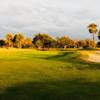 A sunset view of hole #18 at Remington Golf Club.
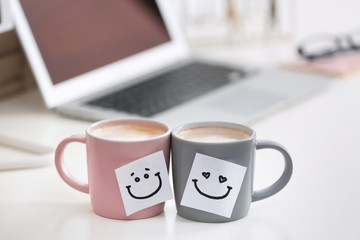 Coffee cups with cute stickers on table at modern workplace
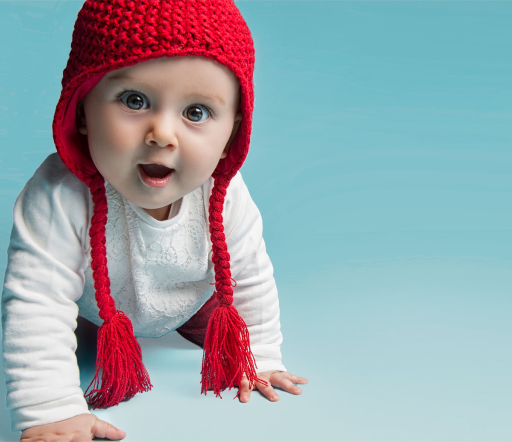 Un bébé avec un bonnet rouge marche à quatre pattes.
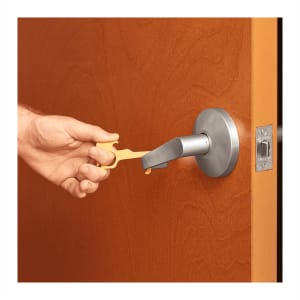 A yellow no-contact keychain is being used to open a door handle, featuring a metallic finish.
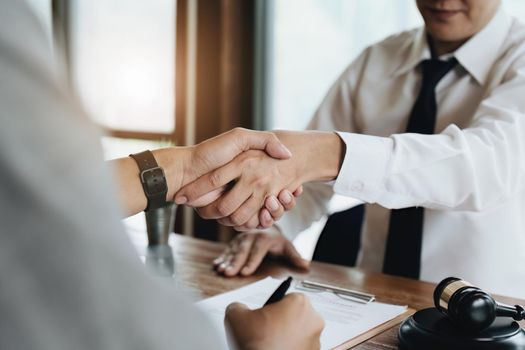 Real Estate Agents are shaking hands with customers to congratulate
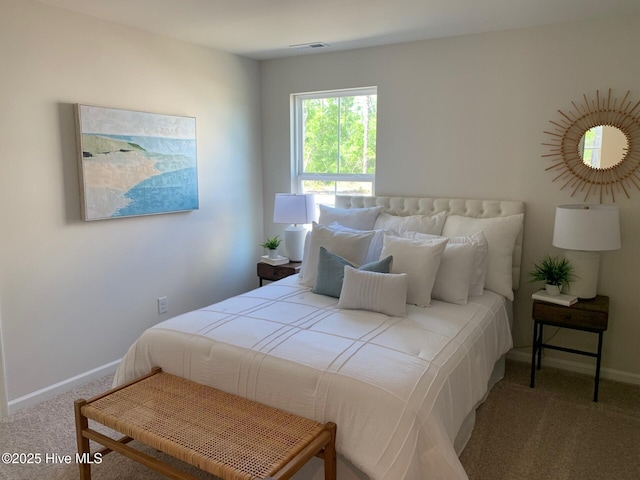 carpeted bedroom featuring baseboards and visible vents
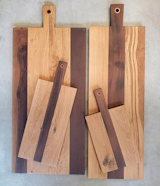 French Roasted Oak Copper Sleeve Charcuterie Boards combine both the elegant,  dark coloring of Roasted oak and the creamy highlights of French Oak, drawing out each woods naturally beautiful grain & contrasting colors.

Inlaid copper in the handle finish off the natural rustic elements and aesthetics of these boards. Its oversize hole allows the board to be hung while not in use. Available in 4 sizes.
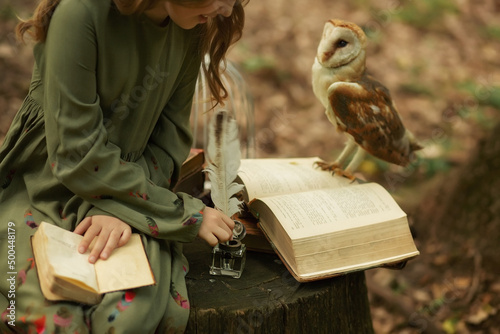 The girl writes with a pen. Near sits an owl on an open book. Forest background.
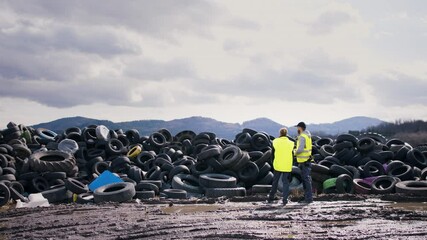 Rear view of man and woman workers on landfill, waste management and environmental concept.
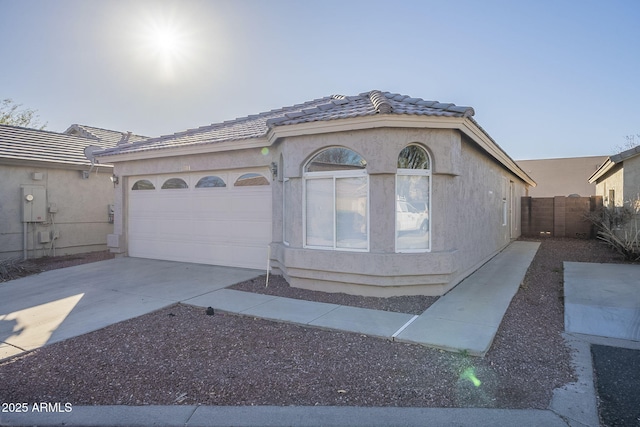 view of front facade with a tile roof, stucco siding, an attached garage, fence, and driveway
_ _ _
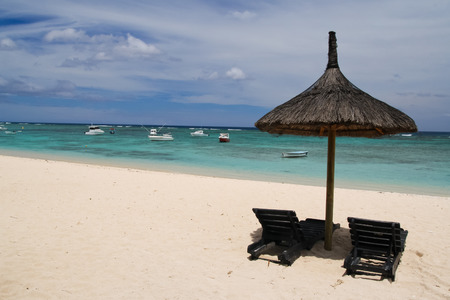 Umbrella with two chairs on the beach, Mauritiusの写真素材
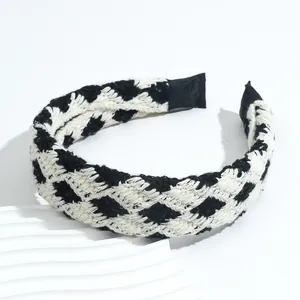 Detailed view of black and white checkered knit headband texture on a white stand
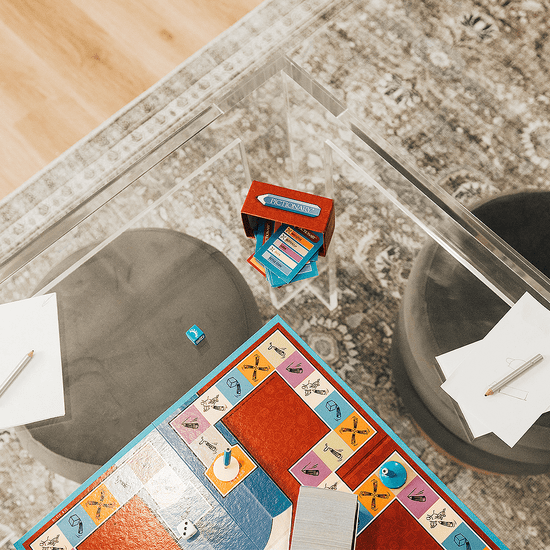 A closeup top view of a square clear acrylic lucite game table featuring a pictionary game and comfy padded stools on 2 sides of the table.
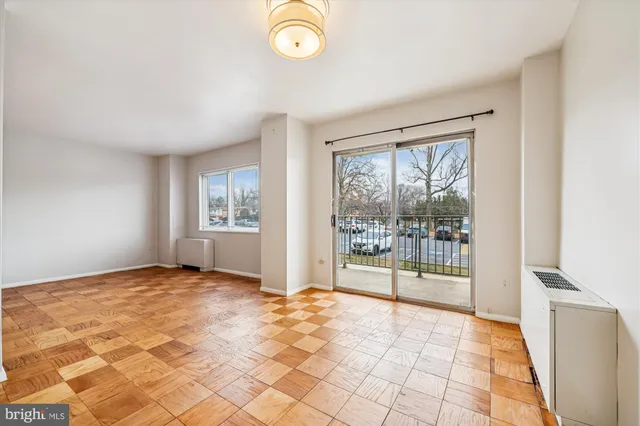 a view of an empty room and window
_ _ _
Among the records above, locate the line containing "A sunset view" and the line containing "carpeted bedroom featuring", then transcribe exactly the lines starting at the first and ending at the second, with no pictures.

 A sunset view of hole #18 at Remington Golf Club.
 Coffee cups with cute stickers on table at modern workplace
 Un bébé avec un bonnet rouge marche à quatre pattes.
 A yellow no-contact keychain is being used to open a door handle, featuring a metallic finish.
 Real Estate Agents are shaking hands with customers to congratulate
 carpeted bedroom featuring baseboards and visible vents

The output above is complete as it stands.